We also conduct experiments of the focal loss equipped RPN in COCO 2014 dataset [10], where we use train+valminumsminival and minival split following [2, 10]. As Table 3 shown, FL-softmax performs comparable to baseline, while baseline+FL is superior in all the metrics. In terms of the performance difference of baseline+FL in these two datasets, we assume that it is the difference between the statistics of each dataset that counts; COCO contains much more objects in each image than PASCAL VOC 2007 (7.58 vs 2.47 in average), which may results in differences in the training process, i.e., the anchors for computing focal loss in COCO is not such imbalanced like PASCAL VOC 2007. That is, in dataset with dense objects, such as COCO, focal loss combined with standard cross entropy loss may work better than either of them alone.

In other aspects, the original implementation [2] claims that the performance on COCO could continue to improve if we train with more iterations, e.g., 900k/1190k; thus the reason why baseline+FL performs better than baseline and FL-softmax may be its fast convergence characteristic. So, whether the statistic difference or convergence characteristic contribute to performance difference is further to be explored.
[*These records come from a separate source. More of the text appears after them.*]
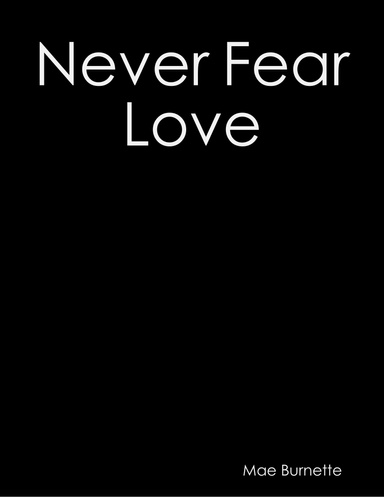 Never Fear Love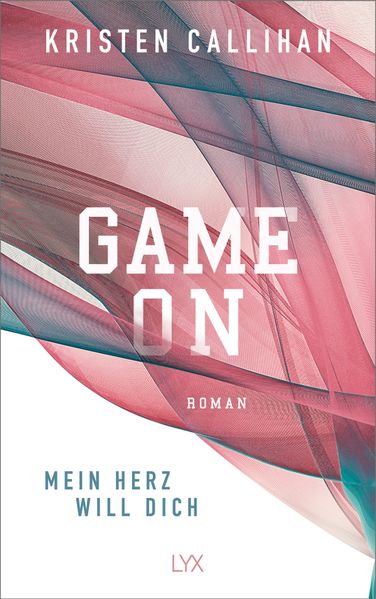 Cover von Game on – Mein Herz will dich
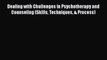 [Read book] Dealing with Challenges in Psychotherapy and Counseling (Skills Techniques & Process)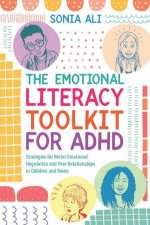 The Emotional Literacy Toolkit for ADHD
We note that the training processes also display the same trends as in Sect. 4.3. And these experimental results show that focal loss is also adaptable to more complicate datasets.

5 Conclusion

In this work, we investigate how to adapt focal loss to train RPN without applying the sampling strategy. By down-weighting the losses of those vast numbers of easy samples, focal loss can intrinsically handle the class imbalance problem and prevent their losses from overwhelming the detector. Using focal loss is capable of including much more samples for training. Thus, RPN can also take all anchors into account for training via replacing standard cross entropy loss with focal loss or simply combining them. As the experiments conducted on PASCAL VOC 2007 and COCO shown, it is feasible to train RPN without particularly designed sampling. We also discuss the compatibility between focal loss and bounding box regression in RPN, and this is left as future work.